В школе меня, помню, мутило от "Оды к вольности". Нам ее читали в усеченном виде, пропуская строфы про "преступную секиру", казнившую бедного ЛюдовИка. И получалось, что это поэт говорит от своего собственного имени: "Твою погибель, смерть детей с жестокой радостию вижу". Я был мальчик с живым воображением и сразу начинал представлять, как Пушкин — с бакенбардами, в крылатке — стоит и потирает ладоши, глядя, как революционеры убивают маленьких царевичей и царевен.
В истории множество раз происходило одно и то же: люди, уверенные, что сражаются на стороне Добра, стремились искоренить Зло до донышка, выдернуть все корешки, чтобы сызнова не проросли. "Корешками" часто оказывались ни в чем не повинные дети венценосных злодеев, иногда совсем маленькие.
Не знаю, стоит ли "высшая гармония" слезы ребенка (может, и стоит — дети легко плачут и быстро утешаются), но вот детской крови точно не стоит. Тем более, что на детских костях никакой гармонии не выстраивается. Да и тем, кто выпалывал такие "корешки", история обычно платила той же кровавой монетой.
Преторианец Кассий Херея, глава заговора против садиста Калигулы, вероятно, вошел бы в анналы ланцелотом и победителем Дракона, если б после убийства императора не приказал умертвить и его годовалую дочь, которой расшибли голову о стену.
Cам Херея торжествовал недолго — очень скоро погиб нехорошей смертью.
Французские республиканцы заморили в темнице десятилетнего дофина Людовика, умершего от недоедания и нехватки свежего воздуха. За это вместо Свободы, Равенства и Братства получили новую тиранию и череду бесконечных войн, в которых погибла пятая или даже четвертая часть французских мужчин.

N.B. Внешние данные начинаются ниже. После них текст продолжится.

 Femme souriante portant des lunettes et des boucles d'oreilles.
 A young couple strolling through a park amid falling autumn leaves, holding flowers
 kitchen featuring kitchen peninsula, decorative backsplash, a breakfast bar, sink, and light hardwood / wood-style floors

Дом Романовых, стремясь избавиться от потенциального соперника, начал свое правление с того, что предал казни "Ивашку Воренка", трехлетнего сына Лжедмитрия II и Марины Мнишек. Палач повесил малыша неловко, к тому же тельце было совсем легкое. Петля плохо затянулась, и мальчик умирал на морозе несколько часов.

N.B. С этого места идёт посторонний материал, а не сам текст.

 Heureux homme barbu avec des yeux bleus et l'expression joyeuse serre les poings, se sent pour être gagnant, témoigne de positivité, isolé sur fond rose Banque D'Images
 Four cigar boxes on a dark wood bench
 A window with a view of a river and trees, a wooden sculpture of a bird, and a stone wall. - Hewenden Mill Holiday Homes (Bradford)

Надо ли удивляться, что триста лет спустя строители нового, коммунистического царства поступили так же жестоко с юными Романовыми? Зловещая историческая рифма. (Сотрудники архива однажды показали мне штык, который торжественно сдал на вечное хранение некий ветеран революции. Дедушка похвастался, что этим штыком добивал в подвале Ипатьевского дома цесаревича. Кошмарную реликвию заперли в сейф, не зная, что с ней делать).
От утопии, ради которой обагрился детской кровью этот штык, тоже ничего не осталось. Да и не могла она осуществиться, такая утопия.

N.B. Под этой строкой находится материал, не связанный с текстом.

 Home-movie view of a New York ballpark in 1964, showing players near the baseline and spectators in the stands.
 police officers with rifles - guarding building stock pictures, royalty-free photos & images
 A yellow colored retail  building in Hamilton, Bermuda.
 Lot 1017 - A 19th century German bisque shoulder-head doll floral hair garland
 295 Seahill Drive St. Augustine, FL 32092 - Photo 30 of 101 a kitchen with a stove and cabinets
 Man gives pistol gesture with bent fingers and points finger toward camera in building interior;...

Но был и член Боевой организации эсеров Иван Каляев, который 2 февраля 1905 года не стал бросать бомбу в экипаж великого князя Сергея Александровича, потому что в карете сидели дети.
Наверное, суть в этом: понять, что дети самого лютого твоего врага — все равно дети и что они уж точно ни в чем не виноваты.
(Этот сумбурный текст я пишу под впечатлением от записки Джохара Царнаева, который назвал погибших на Бостонском марафоне "побочным уроном" войны мусульман с Америкой).